Cluster Planning Guide
Also available as:
PDF

Early Deployments

When a team is just starting with Hadoop or HBase, it is usually good to begin small and gain experience by measuring actual workloads during a pilot project. We recommend starting with a relatively small pilot cluster, provisioned for a “ balanced ” workload.

For pilot deployments, you can start with 1U/machine and use the following recommendations:

Two quad core CPUs | 12 GB to 24 GB memory | Four to six disk drives of 2 terabyte (TB) capacity.

The minimum requirement for network is 1GigE all-to-all and can be easily achieved by connecting all of your nodes to a Gigabyte Ethernet switch. In order to use the spare socket for adding more CPUs in future, you can also consider using either a six or an eight core CPU.

For small to medium HBase clusters, provide each ZooKeeper server with around 1GB of RAM and, if possible, its own disk.

Jump-start - Hadoop Cluster

One way to quickly deploy Hadoop cluster, is to opt for “cloud trials” or use virtual infrastructure. Horton­works makes the distribution available through Hortonworks Data Platform (HDP). HDP can be easily installed in public and private clouds using Whirr, Microsoft Azure, and Amazon Web Services.

To contact Hortonworks Technical Support, please log a case at: https://support.hortonworks.com/ . If you are currently not an official Hortonworks Customer or Partner, then please seek assistance on our Hortonworks Forums at: http://hortonworks.com/community/forums/

However, note that cloud services and virtual infrastructures are not architected for Hadoop. Hadoop and HBase deployments in this case, might experience poor performance due to virtualization and suboptimal I/O architecture.

Tracking resource usage for pilot deployments

Hortonworks recommends that you monitor your pilot cluster using Ganglia, Nagios, or other performance monitoring frameworks that may be in use in your data center. Use the following guidelines to decide what to monitor in your Hadoop and HBase clusters:

  • Measure resource usage for CPU, RAM, Disk I/O operation per second (IOPS), and network packets sent and received. Run the actual kinds of query or analysis jobs that are of interest to your team.

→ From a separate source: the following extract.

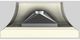 Vent-A-Hood® Designer Series 66" Biscuit Wall Mounted Range Hood-4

  • Ensure that your data sub-set is scaled to the size of your pilot cluster.

  • Analyze the monitoring data for resource saturation. Based on this analysis, you can categorize your jobs as CPU bound, Disk I/O bound, or Network I/O bound.

    [Note]Note

    Most Java applications expand RAM usage to the maximum allowed. However, such jobs should not be analyzed as memory bound unless swapping happens or the JVM experiences full-memory garbage collection events. (Full-memory garbage collection events are typically occur when the node appears to cease all useful work for several minutes at a time.)

  • Optionally, customize your job parameters or hardware or network configurations to balance resource usage. If your jobs fall in the various workload patterns equally, you may also choose to manipulate only the job parameters and keep the hardware choices “balanced”.

  • For your HBase cluster, also analyze ZooKeeper, because network and memory problems for HBase are often detected first in ZooKeeper.

Challenges - Tuning job characteristics to resource usage

Relating job characteristics to resource requirements can be complex. How the job is coded or the job data is represented can have a large impact on resource balance.  For example, resource cost can be shifted between disk IOPS and CPU based on your choice of compression scheme or parsing format. Per-node CPU and disk activity can be traded for inter-node bandwidth depending on the implementation of the Map/Reduce strategy.

Furthermore, Amdahl’s Law shows how resource requirements can change in grossly non-linear ways with changing demands: a change that might be expected to reduce computation cost by 50% may instead cause a 10% change or a 90% change in net performance.

Reusing pilot machines

With a pilot cluster in place, you can start analyzing workloads patterns to identify CPU and I/O bottlenecks. Later these machines can be reused in production clusters, even if your base specs change. It is common to have heterogeneous Hadoop clusters, especially as they evolve in size.

[Tip]Tip

To achieve a positive return on investment (ROI), ensure that the machines in your pilot clusters are less than 10% of your eventual production cluster.